Ao menos era outono e, não só pela temperatura amena, a minha estação favorita. Do alto do prédio pelas copas das árvores vimos vagarosamente os dias passarem: “eu sei, a gente se acostuma, mas não devia. a gente se acostuma a morar em apartamentos de fundos e a não ter outra vista que não as janelas ao redor…”. escreveu Marina Colasanti em seu severo e lindo poema sobre o cotidiano. Mas mesmo com o desfavor que um prédio virado aos fundos possa nos prestar, a luz que entrava por aquelas janelas era singular aos outros dias do ano e que já naquela época durava alguns minutinhos a mais pela manhã. E aquele facho de vitamina D trazia um nutriente poético e melancólico ao olhar, nesse que foi nosso campo de concentração e laboratório familiar pelo inverno mais rigoroso de todos os outonos de nossas vidas. E a gente se acostumou.
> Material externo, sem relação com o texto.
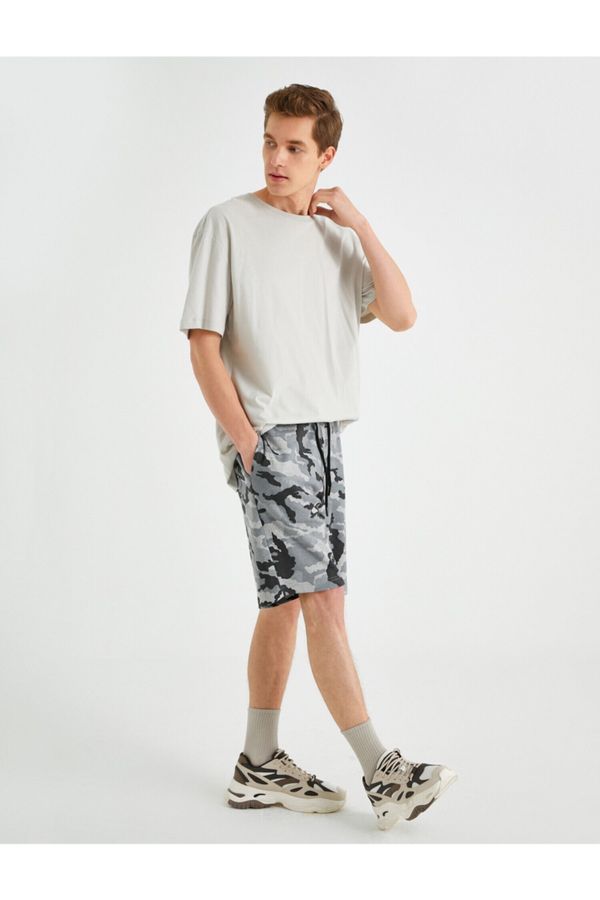 Koton Koton Slim Fit Camouflage Patterned Shorts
Precisávamos.

Pai aos 40, recém-experimentado o melhor e o pior sobre criar um filho em meio à rotina de trabalho, a demandas domésticas e à vida urbana, não esperava ver o pequeno alicerce de liberdade que depois de 1 ano e 10 meses pós-parto, fora construído com muito esforço, ruir em alguns dias. Ninguém esperava. Certamente perdas e dificuldades muito maiores que as nossas foram vivenciadas e sinto muito pelo desastre avassalador que assombrou a vida de muita gente, em especial no nosso país. Infelizmente e ao mesmo tempo felizmente foi com esse sentimento de frustração, tensão e dor que construímos essa realidade momentânea. Um retiro sabático - que nesse caso não era nada parecido com sábado - afastado de tudo que não estivesse ligado ao monotema filho, foi Ao fórceps implementado e poucas coisas nos restavam nas mãos: além delas próprias, a câmera de um celular. Que a essa altura já não trazia mais boas novas e a cada manchete que brotava roubava um pouco da nossa paz. Um sentimento confuso se estabeleceu e então nunca nas nossas vidas a arte e as líricas de chico buarque fizeram tanto sentido como naquele momento. Fotografia e música debaixo do nosso teto se abraçaram fortemente e se arrastaram lado a lado, resistindo, alegrando e distraindo, até que mais uma vez nós nos acostumássemos.

As descobertas e As explorações de uma criança ajudavam a amadureCER o filho e, através do entrelaçado de brinquedos, livros e uma grande desoRdem, renascia o pai.